Vanni Codeluppi è stato tra i primi in Italia ad affrontare le problematiche del biocapitalismo all’interno di un testo esplicitamente dedicato al tema, pubblicato da Bollati Boringhieri nel giugno 2008.
Nell’introduzione e nel primo capitolo Codeluppi riesce a sviluppare in maniera incisiva e profonda alcuni spunti di grande importanza, soprattutto quando ragiona sulle trasformazioni che la conoscenza ha subìto per diventare una merce fungibile e monetizzabile e quando presenta il terzo lavoro degli individui, che al tempo del lavoro e dello svago affiancano il tempo per la fruizione e la diffusione della conoscenza e delle pratiche che sostengono l’intera architettura della società in cui vivono. Ma lo spunto di Codeluppi (che in tal caso cita esplicitamente Angelo Deiana de Il capitalismo intellettuale,2007) poteva trovare maggior spazio nei capitoli successivi, che a volte indugiano a contestare delle pratiche di condizionamento dei consumatori o l’infiltrazione dei media e della cultura da parte delle aziende, fenomeno che, dalle classiche soap operas al product placement, non è proprio nuovo.
Meritava invece maggior approfondimento l’aspetto ideologico, semantico e mediatico del biocapitalismo, ovvero la necessità di capire e analizzare quali sono i meccanismi attraverso i quali (come dice De Kerchove citato da Codeluppi) “si forma una psiche elettronica che propone una paracoscienza collettiva”. Senza questa nuova coscienza collettiva, che a mio avviso rappresenta un salto qualitativo dello sviluppo economico umano, il biocapitalismo non avrebbe potuto svilupparsi.
Il buon vecchio Karl Marx denunciava l’espropriazione di valore dall’individuo sostanzialmente come una espropriazione della sua umanità, che sfociava poi nel processo di alienazione.

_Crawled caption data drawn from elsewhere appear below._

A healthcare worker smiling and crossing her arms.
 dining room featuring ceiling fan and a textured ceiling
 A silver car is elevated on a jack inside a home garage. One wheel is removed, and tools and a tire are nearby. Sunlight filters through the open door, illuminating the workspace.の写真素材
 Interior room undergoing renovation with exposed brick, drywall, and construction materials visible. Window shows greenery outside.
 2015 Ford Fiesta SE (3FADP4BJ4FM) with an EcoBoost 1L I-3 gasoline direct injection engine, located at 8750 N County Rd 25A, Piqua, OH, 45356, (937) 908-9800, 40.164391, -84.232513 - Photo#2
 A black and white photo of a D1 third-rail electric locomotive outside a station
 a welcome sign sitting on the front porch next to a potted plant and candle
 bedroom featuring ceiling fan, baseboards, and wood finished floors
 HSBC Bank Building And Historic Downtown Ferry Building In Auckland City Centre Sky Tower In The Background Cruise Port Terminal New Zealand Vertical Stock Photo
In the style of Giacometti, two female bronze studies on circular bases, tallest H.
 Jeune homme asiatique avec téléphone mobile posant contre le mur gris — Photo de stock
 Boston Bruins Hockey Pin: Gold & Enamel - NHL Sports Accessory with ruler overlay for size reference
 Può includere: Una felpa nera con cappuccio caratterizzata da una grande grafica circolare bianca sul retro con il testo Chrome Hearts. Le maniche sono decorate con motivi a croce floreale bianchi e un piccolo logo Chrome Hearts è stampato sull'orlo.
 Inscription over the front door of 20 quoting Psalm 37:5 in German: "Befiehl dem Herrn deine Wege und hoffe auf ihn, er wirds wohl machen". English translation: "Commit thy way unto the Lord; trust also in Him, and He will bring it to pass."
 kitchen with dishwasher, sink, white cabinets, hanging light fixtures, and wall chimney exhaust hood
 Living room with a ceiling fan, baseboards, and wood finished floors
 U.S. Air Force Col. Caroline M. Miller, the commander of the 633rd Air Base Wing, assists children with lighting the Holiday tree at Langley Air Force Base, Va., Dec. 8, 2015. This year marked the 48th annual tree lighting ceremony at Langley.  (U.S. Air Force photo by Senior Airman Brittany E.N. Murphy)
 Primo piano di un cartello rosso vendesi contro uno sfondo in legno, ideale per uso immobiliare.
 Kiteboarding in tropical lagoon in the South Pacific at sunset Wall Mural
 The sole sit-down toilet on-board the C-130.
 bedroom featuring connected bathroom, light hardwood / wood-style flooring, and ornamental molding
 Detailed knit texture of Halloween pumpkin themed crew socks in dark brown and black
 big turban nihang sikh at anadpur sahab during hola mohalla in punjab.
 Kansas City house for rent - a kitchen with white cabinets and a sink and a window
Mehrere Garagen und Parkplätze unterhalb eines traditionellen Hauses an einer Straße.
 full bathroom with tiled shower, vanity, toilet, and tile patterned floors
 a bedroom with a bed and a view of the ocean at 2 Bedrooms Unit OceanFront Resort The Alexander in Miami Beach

Come si sa, il filosofo di Treviri pone l’origine del valore tout court nell’uomo e nel suo lavoro. All’epoca il conflitto era ben visibile nella sua materialità: lo sfiancamento di muscoli e tendini dopo una settimana di lavoro in opificio e l’abbruttimento morale e psichico che ne seguiva era innegabile. Spesso i lavoratori ignoranti non avevano la coscienza di classe che Marx invocava ma istintivamente i loro corpi e le loro menti si ribellavano alla fatica fisica.
Ma quando i processi di espropriazione diventano immateriali non vi è più un padrone manchesteriano da indicare come grande sfruttatore. L’estrazione del valore dagli individui avviene attraverso l’adesione a un modello culturale, ideologico ed estetico del tutto astratto, le cui manifestazioni, quali certi film, certi prodotti, certi format televisivi sono gli epifenomeni. Oggi l’estrapolazione del valore può anche avvenire mentre gli individui si divertono, invece che sudare in officina. La centralità passa dalla produzione al consumo e senza l’interiorizzazione di determinati modelli o format da parte della maggioranza degli individui l’intera meccanismo di accumulazione del valore immateriale si blocca.
Forse Vanni Codeluppi si sofferma troppo nella raccolta di tanti epifenomeni quali il branding, i reality, il cinema commerciale e finisce per sfuggire a una ricerca dei meccanismi profondi che sviluppano un’architettura di persuasioni condivise attraverso la quale oggi si estrae valore dagli individui e dagli oggetti.
Insomma, le leggi economiche della scarsità o dello squilibrio tra domanda e offerta non riescono a spiegare né perché una bottiglia di Sassicaia arriva a costare anche oltre 300 euro in giro per il mondo e nemmeno perché tanti giovani laureati e iperspecializzati accettino di donare il loro lavoro e le loro competenze come stagisti a volte anche per anni.
Penso che la sfida sia qui, nell'iniziare a capire ( e a contestare) ideologia, semantica e processi mediatici del biocapitalismo.
A Vanni Codeluppi il merito di aver aperto il dibattito e alcuni sentieri di analisi.
1 commento:
Caro Biagio,
sono d'accordo con i tuoi commenti. D'altronde, la mia intenzione scrivendo "Il biocapitalismo" era di scrivere un libro divulgativo per porre all'attenzione generale un tema che ritengo centrale. Perciò ho concentrato l'analisi teorica del biocapitalismo nel primo capitolo. Ti segnalo comunque che anche nel capitolo finale sul cinema ci sono delle riflessioni che ritengo importanti sui meccanismi di estrazione del valore dal lavoro emozionale del consumatore-spettatore.